Traditional natural language processing techniques mainly focus on textual context to predict one’s emotions. This technique has found success, but it does not account for environmental factors that may affect a person’s emotions.
Research fellow Carmen Banea, alumna Vicki Liu, and Prof. Rada Mihalcea explored the concept of grounded emotions, focusing on how external factors, ranging from weather, news exposure, social network emotion charge, timing, and mood predisposition may have a bearing on one’s emotion level throughout the day.
By testing the correlation between certain external factors and Twitter sentiment, they explored which of them are most significant in grounding emotions, and therefore gained a deeper understanding of the connections that exist between external factors and one’s internal emotional state.
The researchers collected a set of tweets published between January 18, 2017 and April 14, 2017 via Twitter, which were self-tagged by their author with a #happy or #sad hashtag. For each tweet, they considered the hashtag to represent the label, capturing the instantaneous emotional state of its author. They also collected the tweet’s remaining content, as well as metadata, such as the time it was published, its author, and its location. The set was filtered based on location so that the collected tweets originated from 20 large US metropolitan areas, making sure that no more than three cities were located in the same state, which allowed them to obtain a large representative sample.

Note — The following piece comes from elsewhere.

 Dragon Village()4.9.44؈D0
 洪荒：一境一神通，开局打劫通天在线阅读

Data from External Factors
To collect weather data they used Weather Underground and were able to obtain information such as temperature, humidity, precipitation, etc., as well as a descriptive phrase summarizing atmospheric conditions, such as “heavy thunderstorms and rain.”

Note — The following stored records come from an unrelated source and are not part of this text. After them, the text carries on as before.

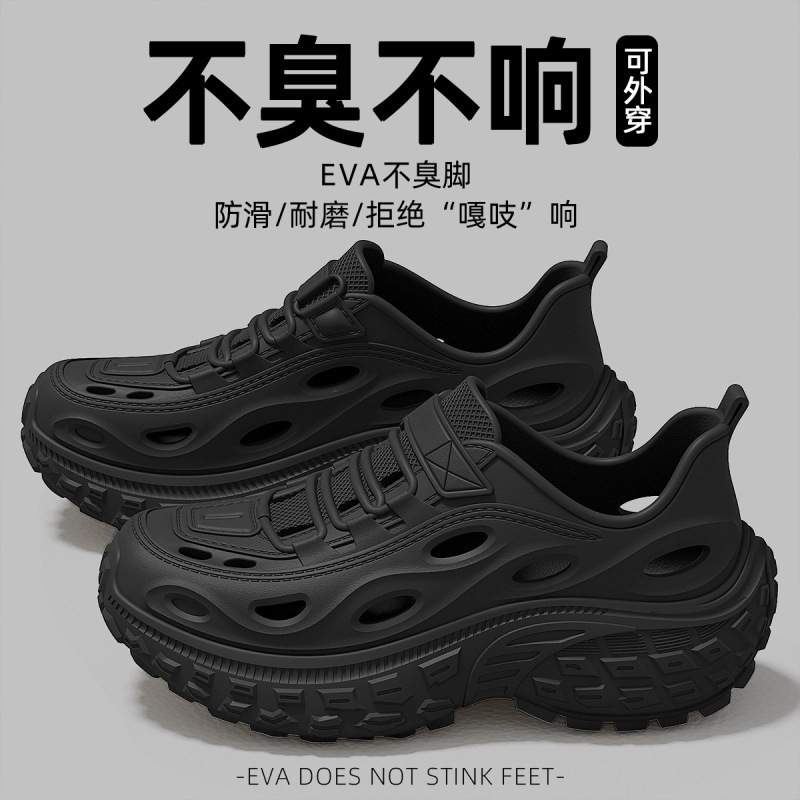 Men's Summer Outdoor Clogs with Thick Soles, Non-Slip, Odor-Resistant, Breathable Eva Sandals, Beach Sports Slippers for Men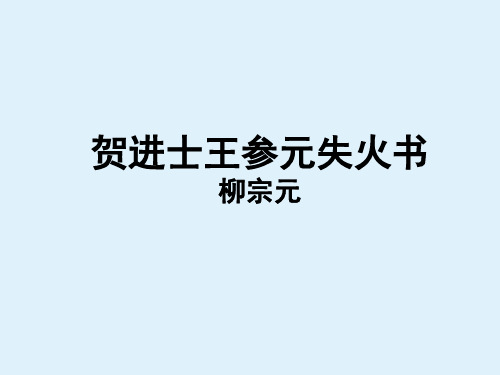 贺进士王参元失火书教学课件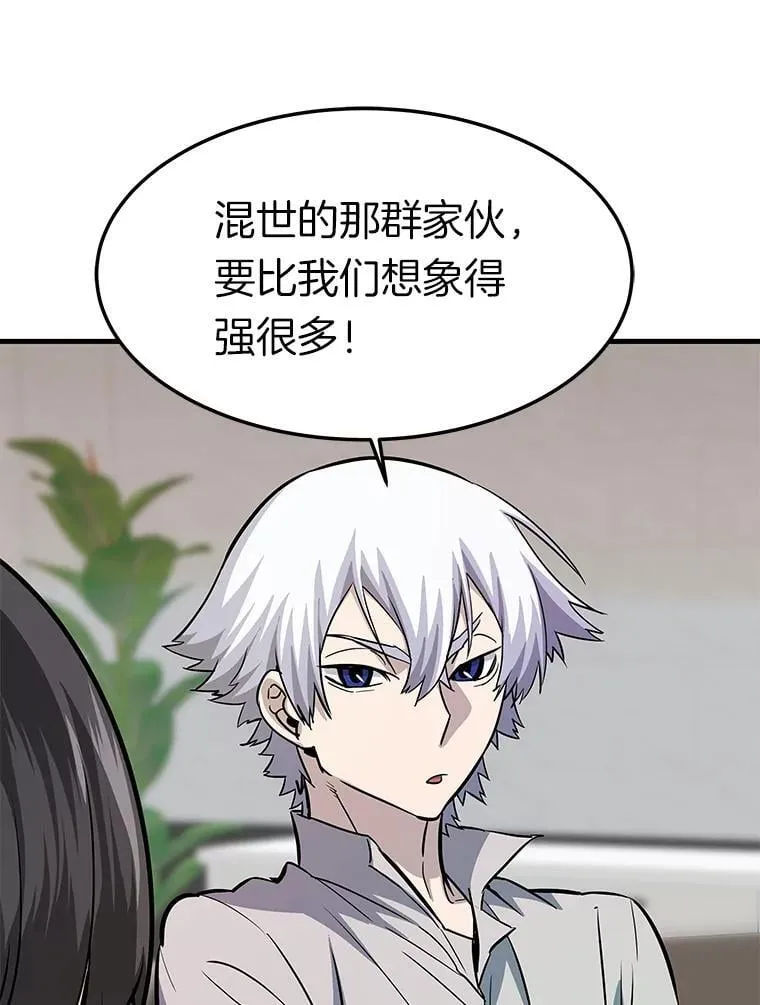 76.记者见面会12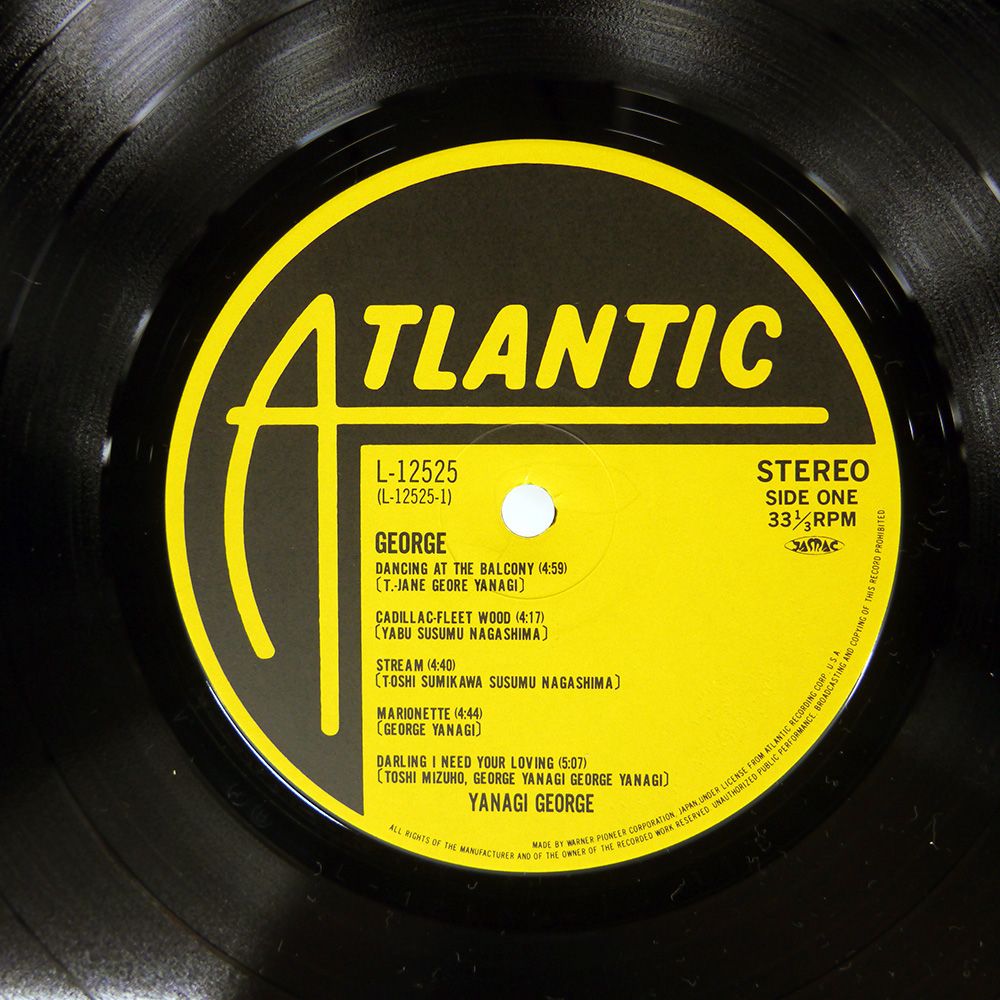 帯付き 国内盤 柳ジョージ/GEORGE/ATLANTIC L12525 LP - メルカリ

They obtained national news data using the New York Times API by searching for the stories that appeared on the front page of the New York Times within the prior 24 hours of a user’s tweet.

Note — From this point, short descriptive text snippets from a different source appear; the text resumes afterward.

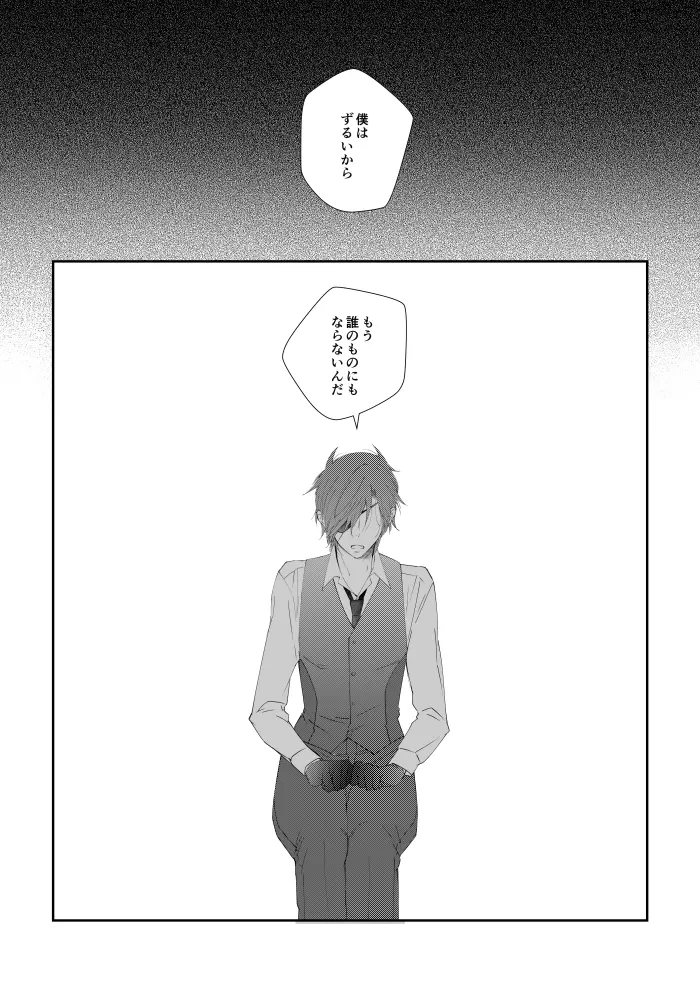 You're my only shinin' star - page17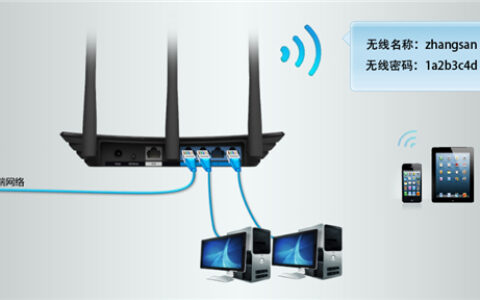 TP-Link TL-WR841N V1~V11 无线路由器当做交换机使用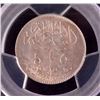 Image 2 : Egypt, 5 Piastres, 1920H, PCGS MS-64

Based on the tweet timestamp, they were able to determine the season, month, day of the week, and hour for when a tweet was authored; they also mapped the hours to several time intervals ranging from early morning, morning, afternoon, late afternoon, evening, late evening and night.
For each tweet, they queried all followees, or people that the given user follows, and gathered tweets posted in the 24 hours prior to the original tweet’s timestamp. Each followee tweet was then tagged as positive or negative.
The researchers speculated that users have a relatively consistent emotional state, where fast changes between happiness and sadness are unlikely. For this reason, they also collected the tweets that the user posted within 12 hours prior to the target tweet.
At an individual feature type level, they discovered that the sentiment extracted from a user’s prior textual content exhibits a high correlation with an emotional response experienced twelve hours later, showing that users are consistent in their emotional states. They also found that the cumulative sentiment expressed in news is the second best predictor of user emotion. By combining all grounding signals together, they were able to obtain an emotional predictive accuracy of 66.9%, surpassing the majority class baseline of 59%.
This study not only shows that external factors do prime us toward emotional responses, but also that the performance of such external features in predicting emotion can surpass the predictive accuracy of natural language processing tools that look at text alone.